> **WHAT IS REQUIRED**
Each entry below should be printed exactly, with every image left out.

Data extracted from a collection
-- -- --

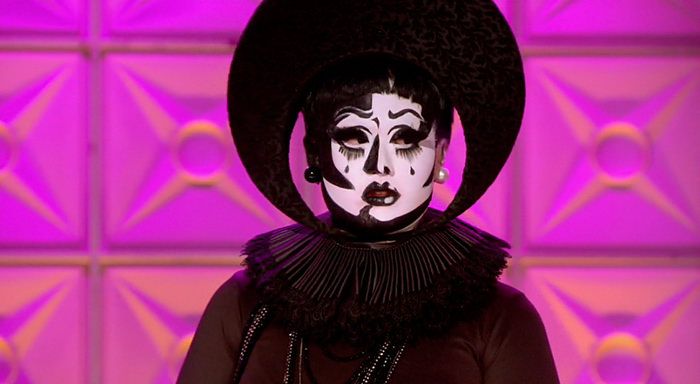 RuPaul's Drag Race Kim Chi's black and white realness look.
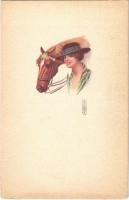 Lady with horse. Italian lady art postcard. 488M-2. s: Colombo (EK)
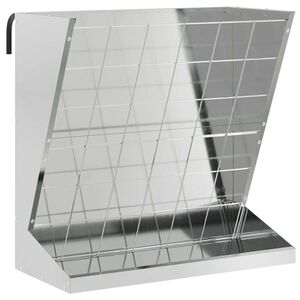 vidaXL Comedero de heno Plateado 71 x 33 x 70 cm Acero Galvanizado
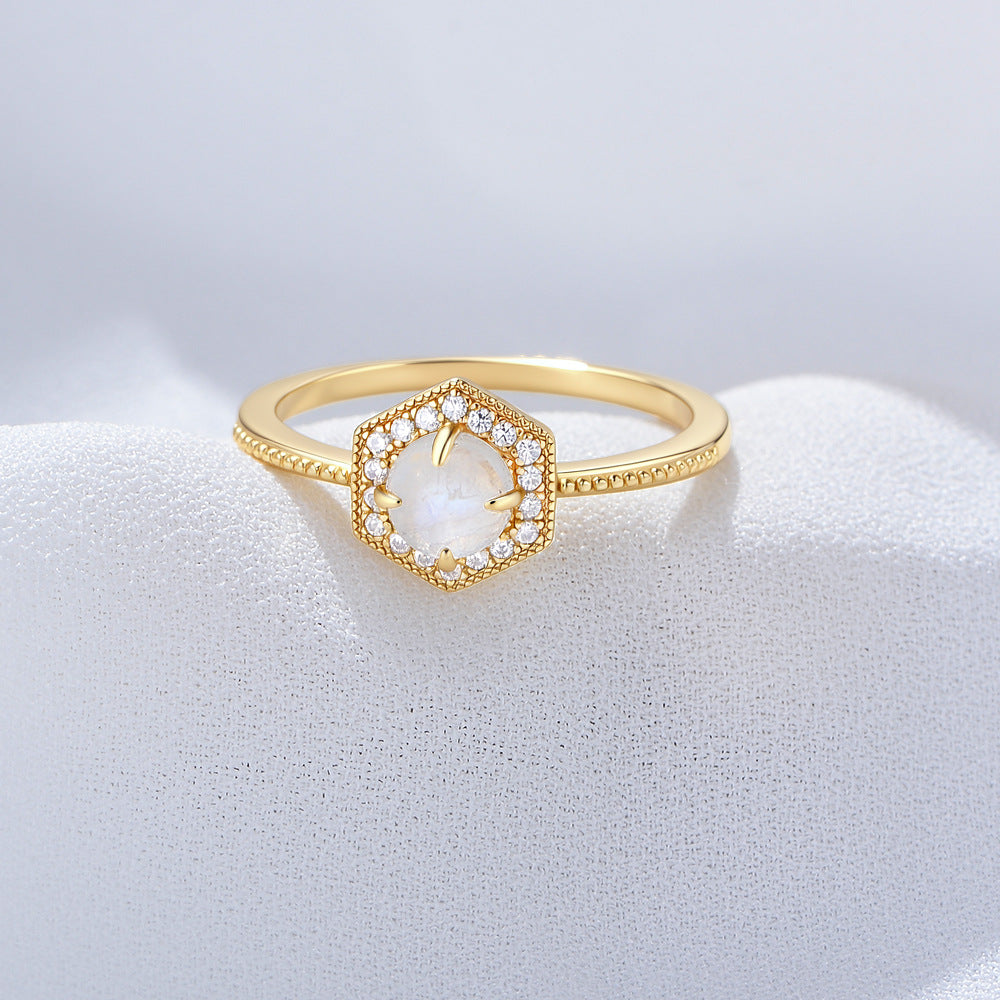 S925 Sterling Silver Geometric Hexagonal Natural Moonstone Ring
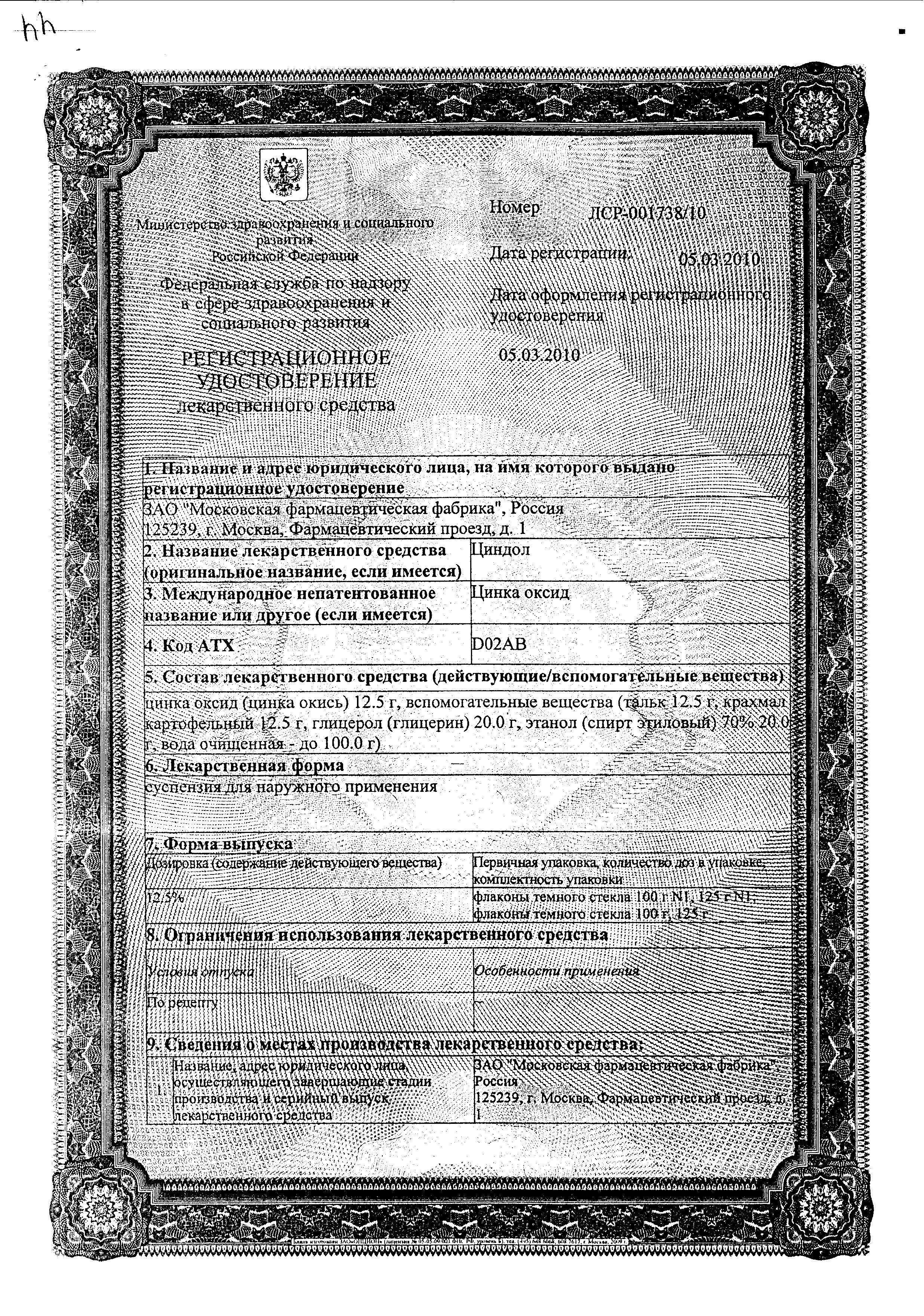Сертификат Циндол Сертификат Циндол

-- -- --

> **TASK RESULT**
 RuPaul's Drag Race Kim Chi's black and white realness look.
 Lady with horse. Italian lady art postcard. 488M-2. s: Colombo (EK)
 vidaXL Comedero de heno Plateado 71 x 33 x 70 cm Acero Galvanizado
 S925 Sterling Silver Geometric Hexagonal Natural Moonstone Ring
Сертификат Циндол Сертификат Циндол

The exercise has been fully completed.